* Work task *
Every line below from the one containing "Jockey US57 Men's" through the one containing "2019 GMC Sierra" is to be printed exactly, with the pictures omitted.

* Information *

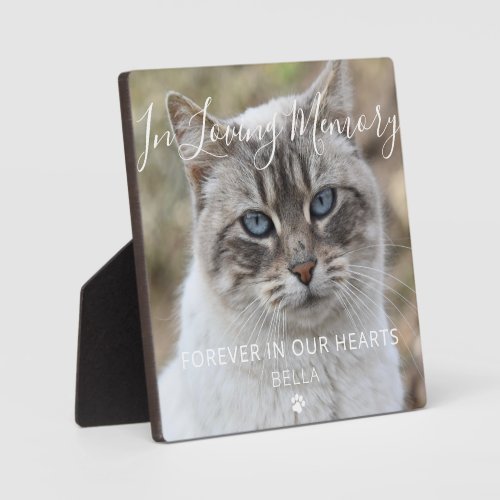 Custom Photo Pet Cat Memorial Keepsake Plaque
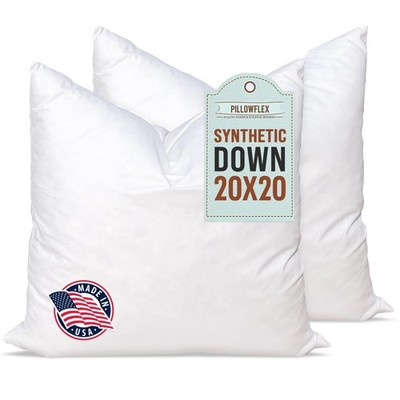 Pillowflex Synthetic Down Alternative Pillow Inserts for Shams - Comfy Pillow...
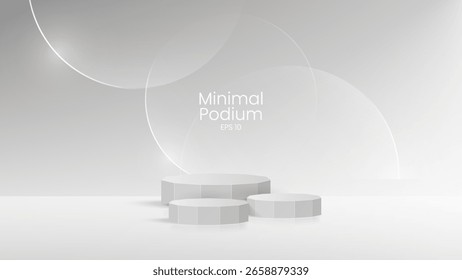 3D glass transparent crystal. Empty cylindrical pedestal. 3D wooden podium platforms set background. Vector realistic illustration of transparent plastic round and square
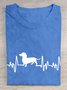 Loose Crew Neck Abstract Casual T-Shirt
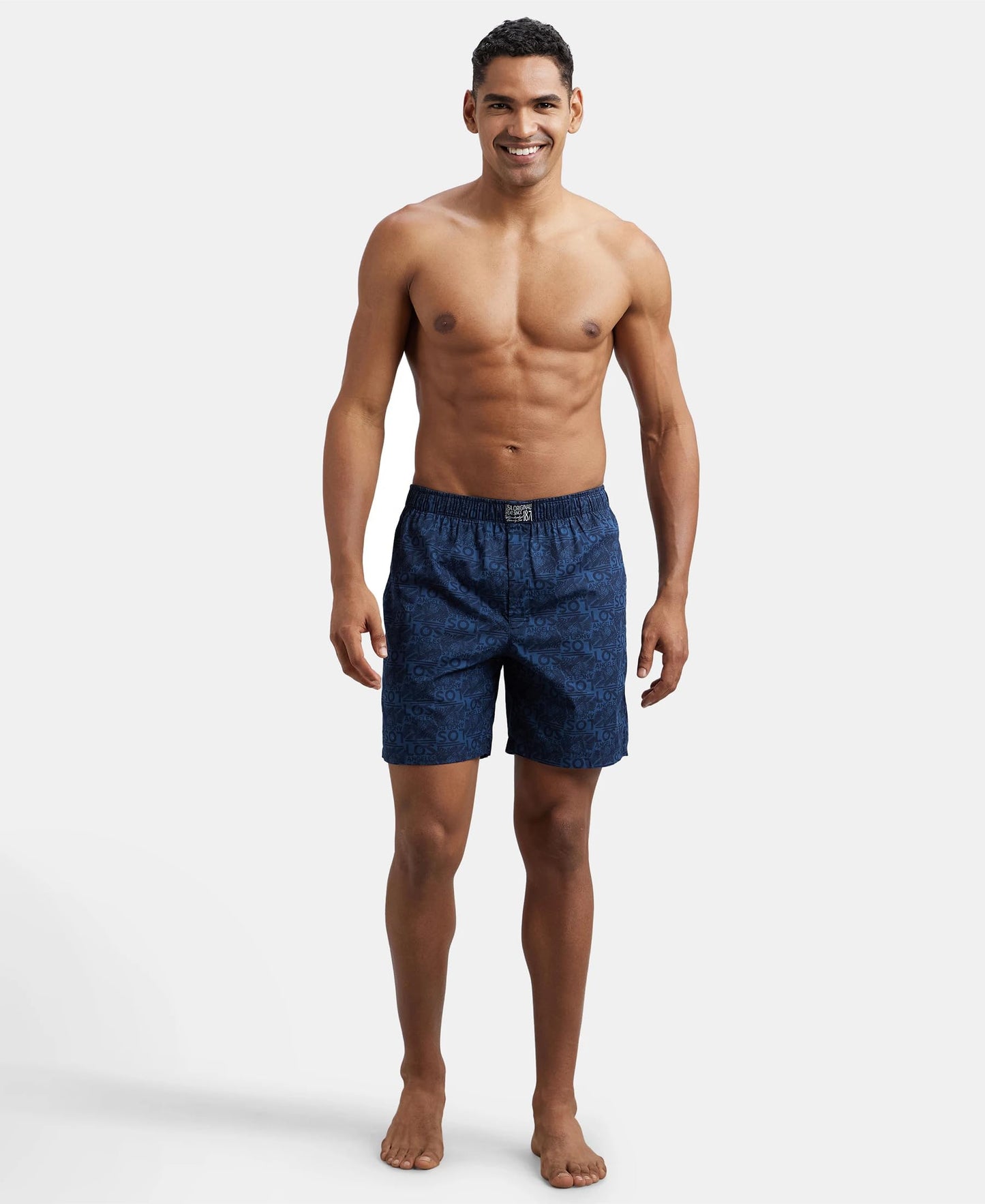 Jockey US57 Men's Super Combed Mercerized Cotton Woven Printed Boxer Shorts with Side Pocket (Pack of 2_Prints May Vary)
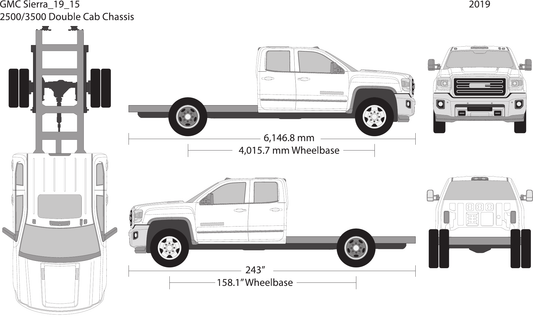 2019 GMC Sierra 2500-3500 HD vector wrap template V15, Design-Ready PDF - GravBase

* * *

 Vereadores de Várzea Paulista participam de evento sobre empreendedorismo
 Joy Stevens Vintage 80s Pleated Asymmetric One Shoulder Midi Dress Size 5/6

---

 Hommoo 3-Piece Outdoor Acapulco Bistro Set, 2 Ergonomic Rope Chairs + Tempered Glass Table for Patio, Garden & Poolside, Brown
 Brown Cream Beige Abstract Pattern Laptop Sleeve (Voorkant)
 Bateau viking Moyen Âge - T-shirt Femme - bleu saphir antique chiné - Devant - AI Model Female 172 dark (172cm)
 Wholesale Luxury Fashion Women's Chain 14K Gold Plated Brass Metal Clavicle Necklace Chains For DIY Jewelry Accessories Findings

* Response to this exercise *
 Jockey US57 Men's Super Combed Mercerized Cotton Woven Printed Boxer Shorts with Side Pocket (Pack of 2_Prints May Vary)
 2019 GMC Sierra 2500-3500 HD vector wrap template V15, Design-Ready PDF - GravBase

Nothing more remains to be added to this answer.